▶ _Task description_:
Transcribe the listing exactly, leaving out every picture.

▶ _Provided information_:
+---+
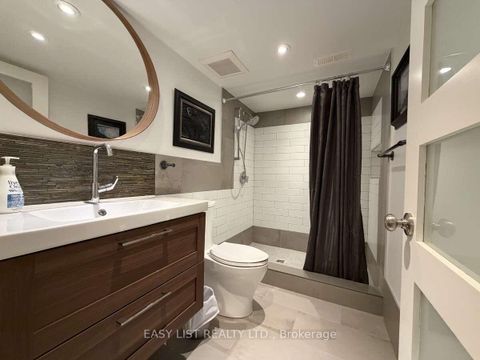 Photo 28 at 76 Dunn Avenue, South Parkdale, Toronto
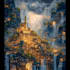 professionally design environment concept art
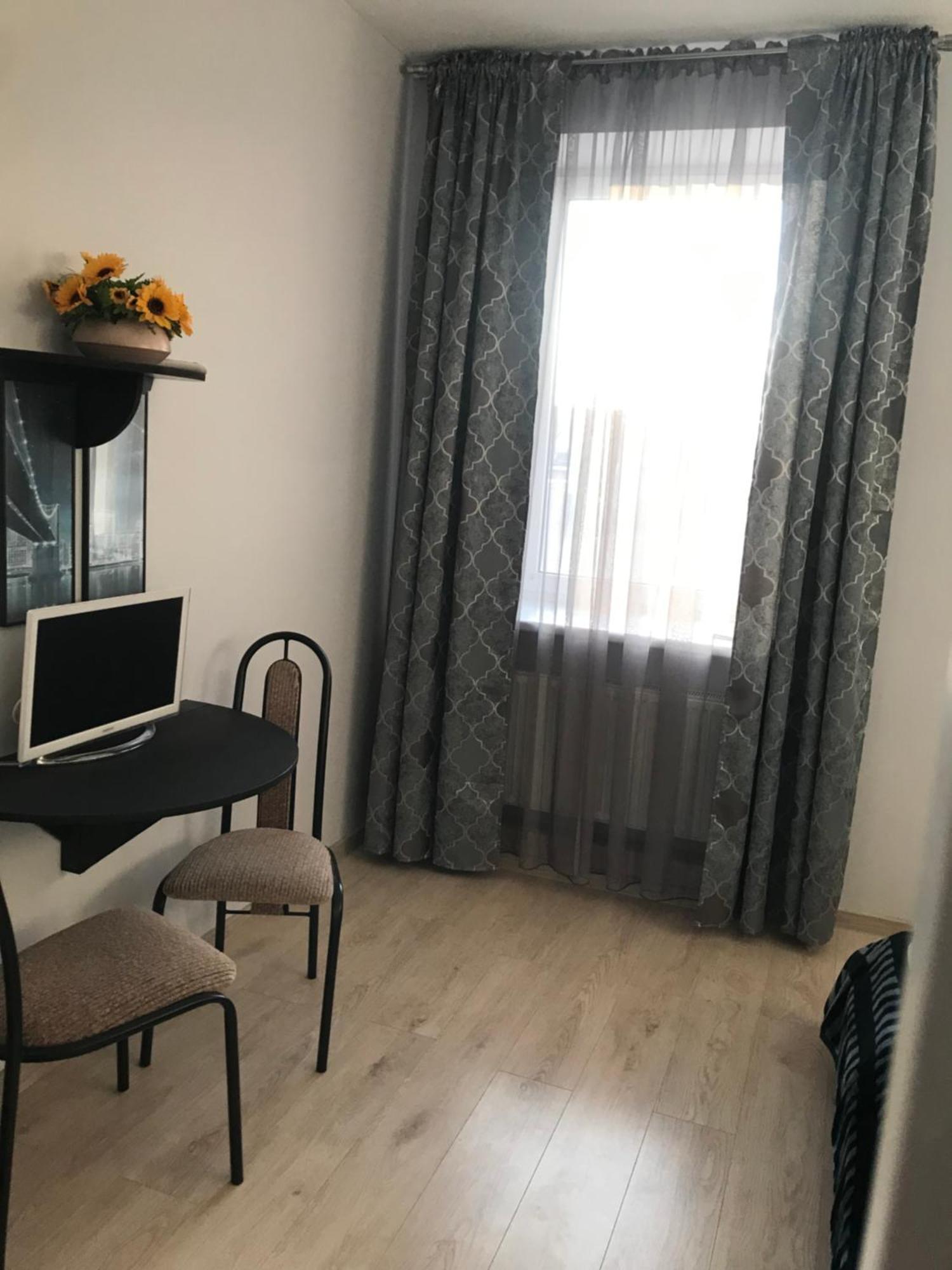 Apartamentai Pas Regina Паланга Екстер'єр фото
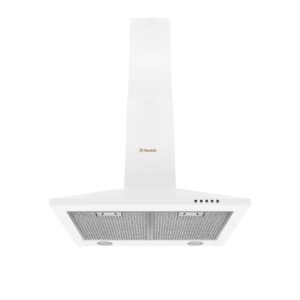  7 - Витяжка купольна Perfelli K 6610 WH 1000 LED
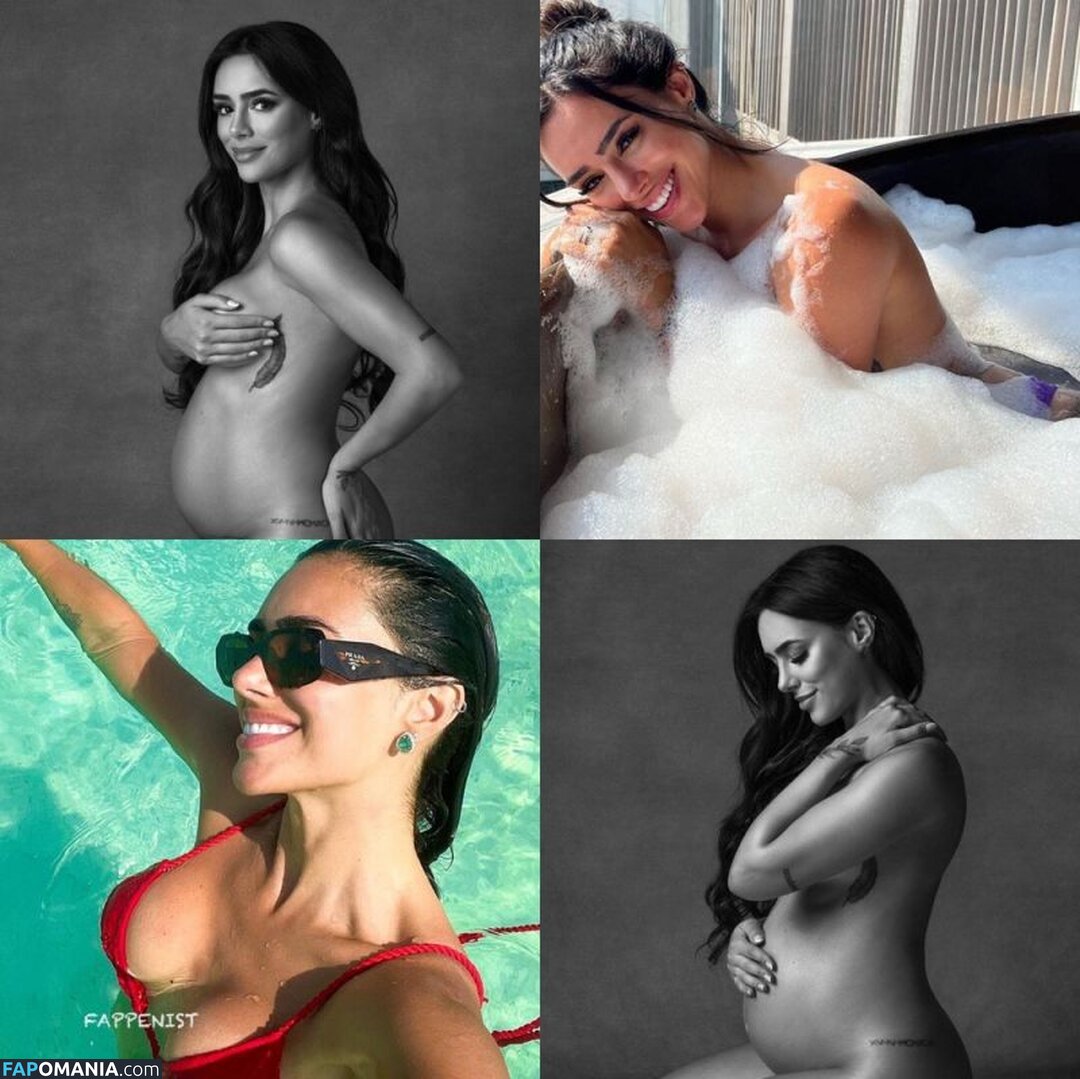 Bruna Bianca Nackt OnlyFans  Geleaktes Foto #10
+---+
▶ _Problem solution_:
 Photo 28 at 76 Dunn Avenue, South Parkdale, Toronto
 professionally design environment concept art
 Apartamentai Pas Regina Паланга Екстер'єр фото
  7 - Витяжка купольна Perfelli K 6610 WH 1000 LED
 Bruna Bianca Nackt OnlyFans  Geleaktes Foto #10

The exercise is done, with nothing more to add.